Oblivion had the same thatched roofs in the same places (villages). If you want to see whether technology advanced look at what the rich players have. The Blue Palace, for example, is far ahead of the castles in Oblivion. Asthetically it looks like a 17th/18th-century European palace -- at least on the outside.
The other thing to keep in mind is most fantasy media are terrible with technology. You'll see bronze-age stuff mixed with 19th-century stuff and everything in between. The Elder Scrolls games are a perfect showcase for this. Games are designed primarily by artists who create something appealing rather than realistic. My favourite Skyrim example of this is the upstairs area of Proudspire Manor. The ceiling is divided into four vaults with no column supporting the centre. It should fall down. Drives me mental, but I'll probably live.
lol
This gets back to a recurring theme of mine. The visuals in Skyrim are pretty good, overall. I can tell that the art crew did a good job of researching, well, not exactly what actual Norse styles of art and armor and such looked like, but they do show the influence of later nineteenth century representations of Norse culture. The horned helmets show that much. The actual norse didn't wear horned helmets, but they were depicted that way sometimes in 19th century art, so to me they did a pretty good job.
But so many other fantasy artists betray no sense of having ever looked at anything outside of fantasy art, just as a lot of comic artists appear never to emulate anything except older superhero comic book artists - and by "older" I mean artists from waaaaay back in the eighties and the like. This applies to science fiction as well. Why is the original Enterprise a classic piece of fictional design, while the ships from the later series stink? Quick - what did the Reman ship in the last Next Generation movie look like? What did the Romulan mining ship in the most recent Trek reboot movie look like? You probably can't picture them, just as I can't, and I'm willing to bet it's because they were designed by some artist with no experience outside the world of science fiction art design.
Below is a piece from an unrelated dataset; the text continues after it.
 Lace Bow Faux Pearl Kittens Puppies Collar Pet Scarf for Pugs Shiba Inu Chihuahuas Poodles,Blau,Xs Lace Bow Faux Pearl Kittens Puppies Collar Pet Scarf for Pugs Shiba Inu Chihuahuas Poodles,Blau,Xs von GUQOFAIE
In contrast, the designer of the original Enterprise, http://en.wikipedia.org/wiki/Matt_Jefferies, had a background in drafting, was a flight testing engineer and restored old aircraft as a hobby. He knew how mechanical devices worked and was very concentrated on designing a ship that gave the air of being a functional, practical vehicle, regardless of the fantastic technology involved. Modern spaceship designs in most movies, however, look like the artist said "Well, these are the bad guys, right? So I guess I'll need to make their ship look scary. Better give it some spikes and blades protruding from the hull. That ought to work."